Curator Arthur Sabin (far right) shows a dignitary around a show of paintings by members of the Bethnal Green Working Men’s Art Club at the Bethnal Green Museum in the twenties
“ARTHUR SABIN was Curator of the Bethnal Green Branch of the Victoria & Albert Museum from 1922 to 1940. Through his work, the Museum began the slow process of becoming the V & A Museum of Childhood, an undertaking that was completed by Sir Roy Strong in the seventies.
Sabin was inspired by the popular Children’s Room at the V & A South Kensington and, when he observed that the Bethnal Green Museum was full of bored children, decided to make it more child friendly. He rehung paintings at child’s eye level. He also set up a classroom and employed teachers, and started to collect items relating to childhood.
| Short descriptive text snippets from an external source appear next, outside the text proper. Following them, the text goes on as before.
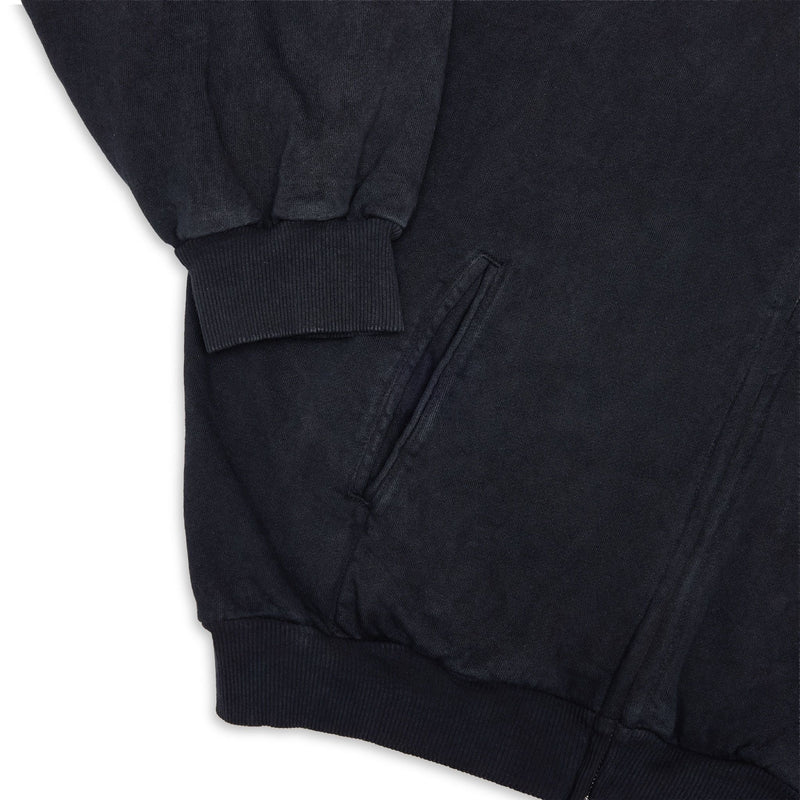 Washed Black Outsider Zipper Jacket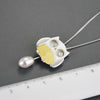 Load image into Gallery viewer, Pearl Owls - Handmade Pendant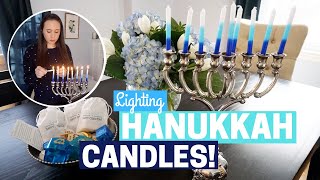 HOW TO LIGHT HANUKKAH CANDLES [upl. by Curr]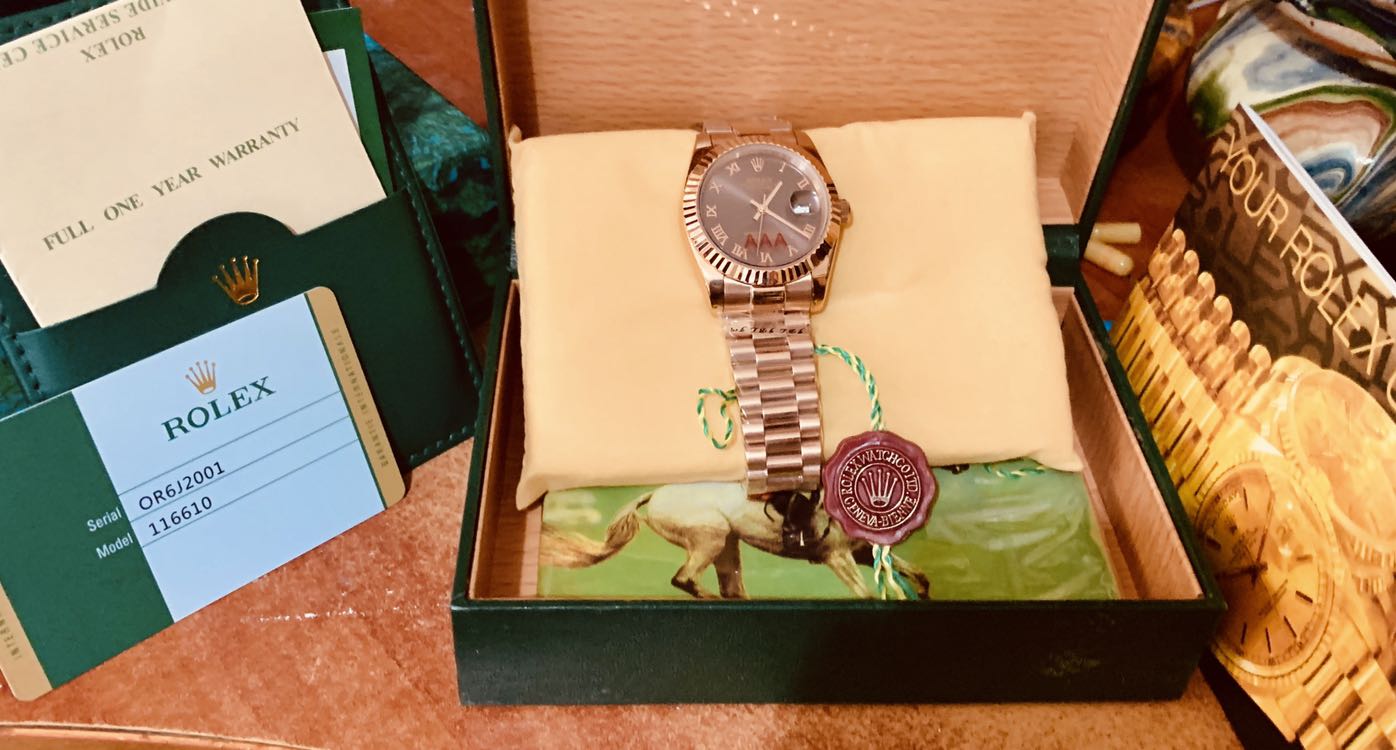 Rolex Daydate oyster rose gold man 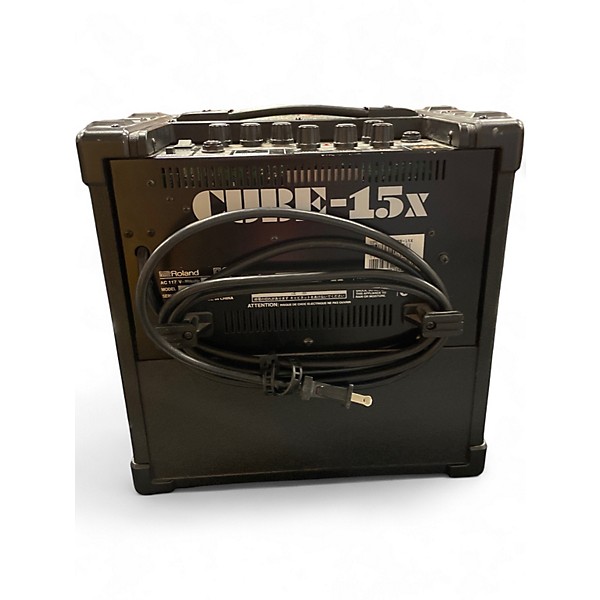 Used Roland Cube 15X 1X8 15W Guitar Combo Amp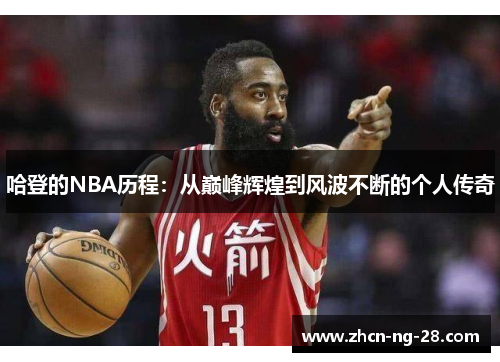 哈登的NBA历程：从巅峰辉煌到风波不断的个人传奇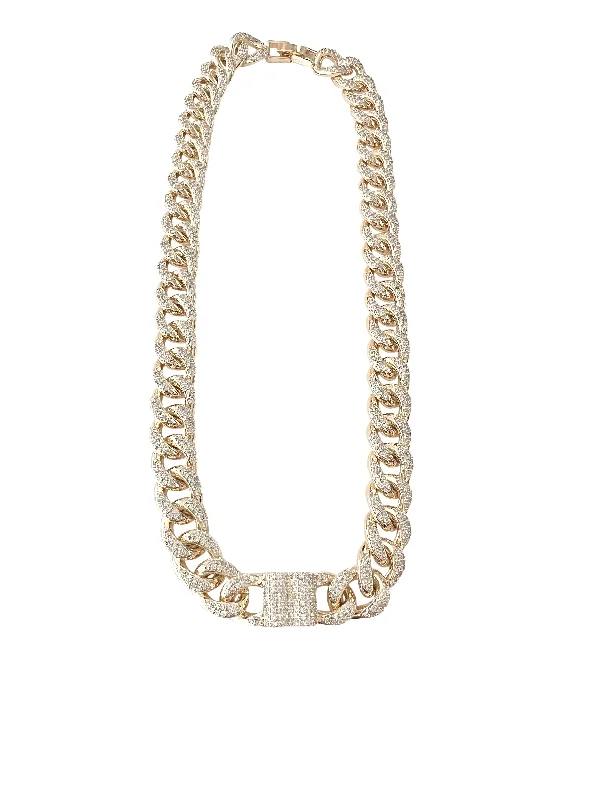 Gold Rope Chain Necklace-Larsa Necklace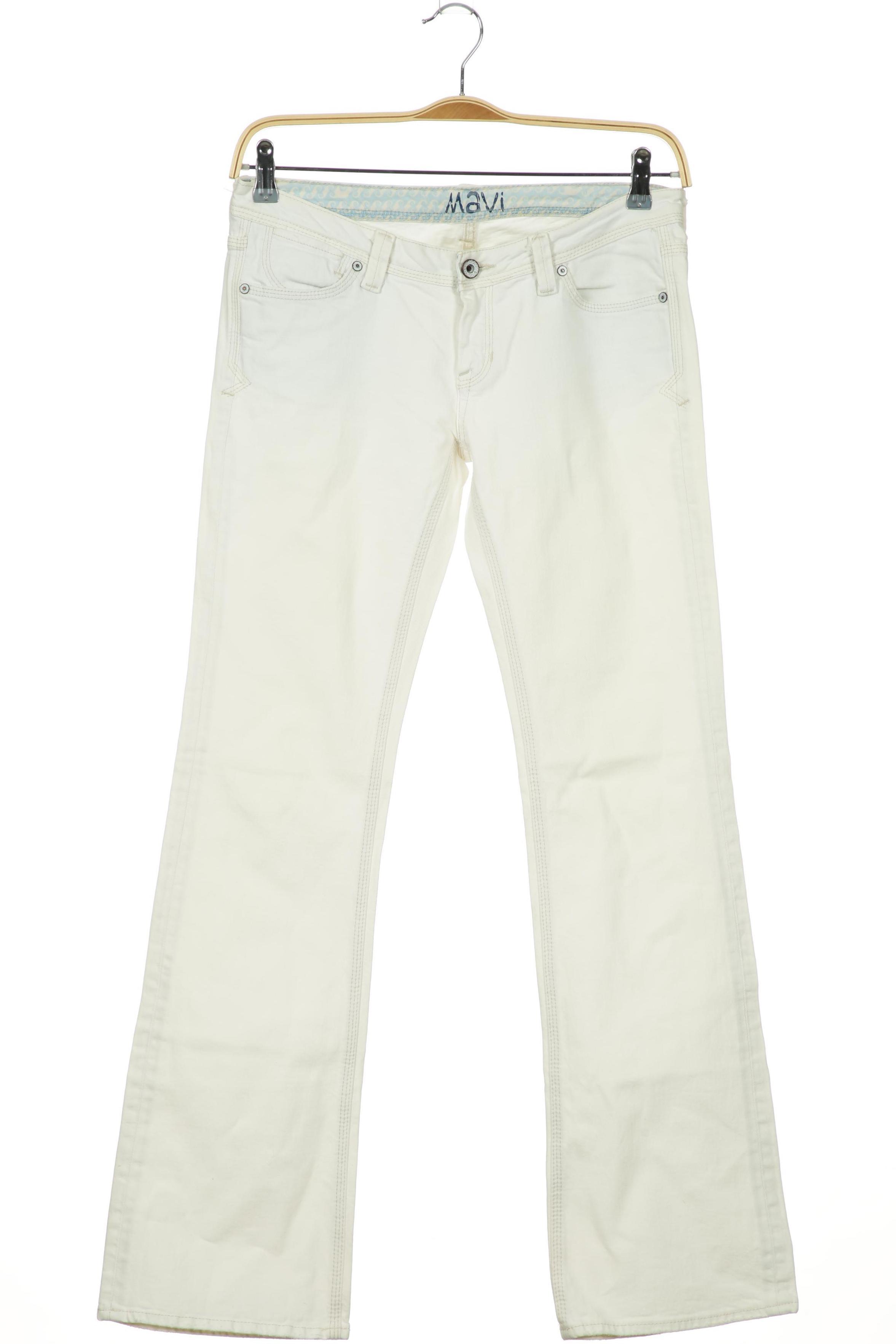 

mavi Damen Jeans, weiß, Gr. 28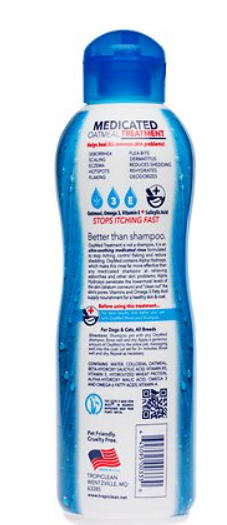 Tropiclean Oxymed Soothing Medicated Oatmeal Rinse For Pets 20 oz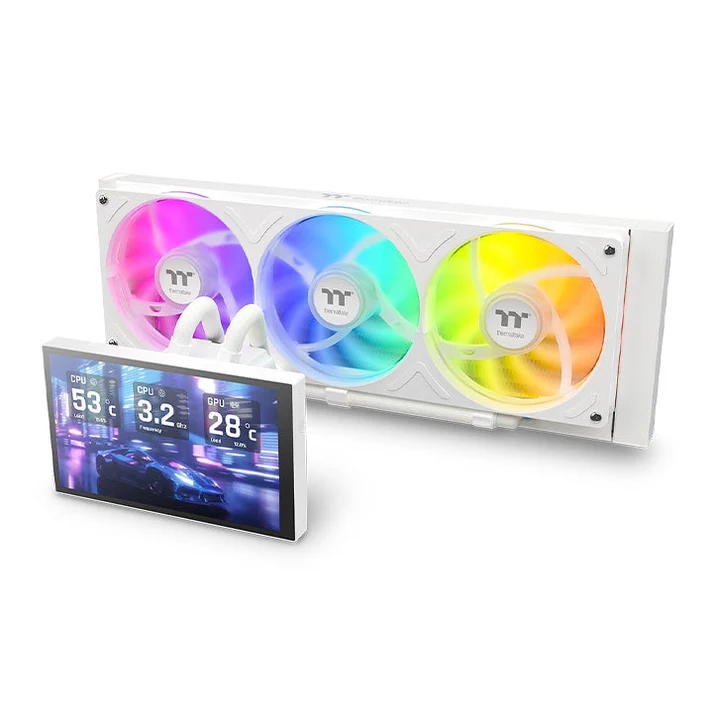 Thermaltake ST360 Ultra ARGB Sync Snow AIO Liquid CPU Cooler Snow With 7” LCD Display ( CL-W494-PL12SW-A )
Through this endeavour, he came to recognise the importance of the social and cultural history of childhood.
Sabin was convinced that Art could educate and improve the lives of those who saw it. In a speech he gave in 1931 to the Bethnal Green & Shoreditch Skilled Employment Committee on ‘The Relation of Museums to Skilled Employment,’ he described the role a museum should play.
‘An Art Museum, such as we have at Bethnal Green, is concerned with many phases of life, but more than anything else with the development of craftsmanship … Let us produce boys and girls who desire with all their hearts to do something – to make something – better than anyone else can do it or make it … The museums exist to encourage this tendency, to awaken this desire.’
Through the work of Sabin and those who followed, the V & A Museum of Childhood inspired countless generations of children by showing them Art & Design. I include myself, since I remember visiting as a child and staring up in awe at a suit of Japanese Samurai armour. The same armour is now on display at South Kensington but I am at eye level with it these days!”